__What you are asked to do__
Starting at the first line of the data and ending at the line with "Any time you", copy each line exactly. Include both of those lines, but no pictures.

[[ Data below open ]]

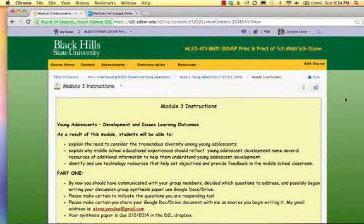This week, you'll continue to work on your first discussion synthesis paper. By now, you should have communicated with each other and decided what questions to respond to. You will fill out a group assessment rubric next week.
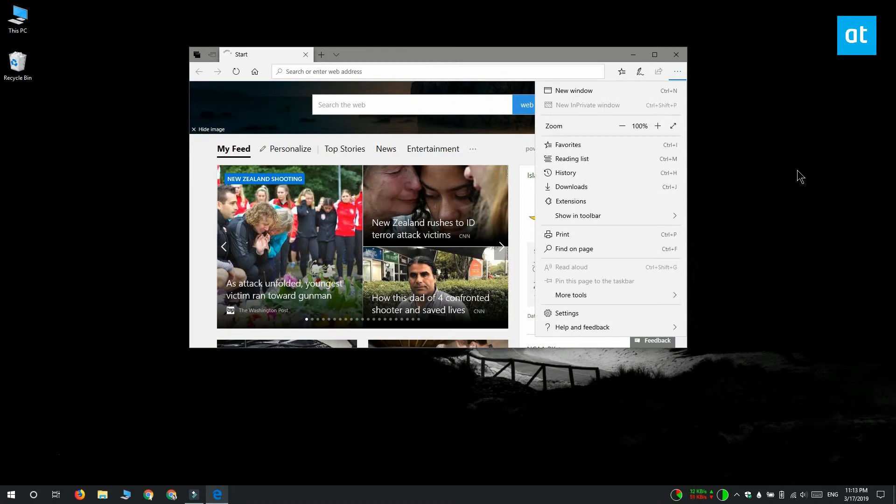Any time you want to bring in-private browsing back, all you have to do is delete the allow in-private value that you created or you can just delete the Microsoft Edge key that you created.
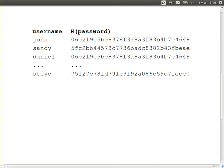Instead of encrypting or storing in plain text, take a hash of the password and store the hash value. Known hash functions include MD5 and SHA. When the user registers their password, the system stores the username and takes a hash of the password and stores the hash value. Now let's see what happens when a user tries to log in.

[[ Data below closed ]]

__Task answer__
This week, you'll continue to work on your first discussion synthesis paper. By now, you should have communicated with each other and decided what questions to respond to. You will fill out a group assessment rubric next week.
Any time you want to bring in-private browsing back, all you have to do is delete the allow in-private value that you created or you can just delete the Microsoft Edge key that you created.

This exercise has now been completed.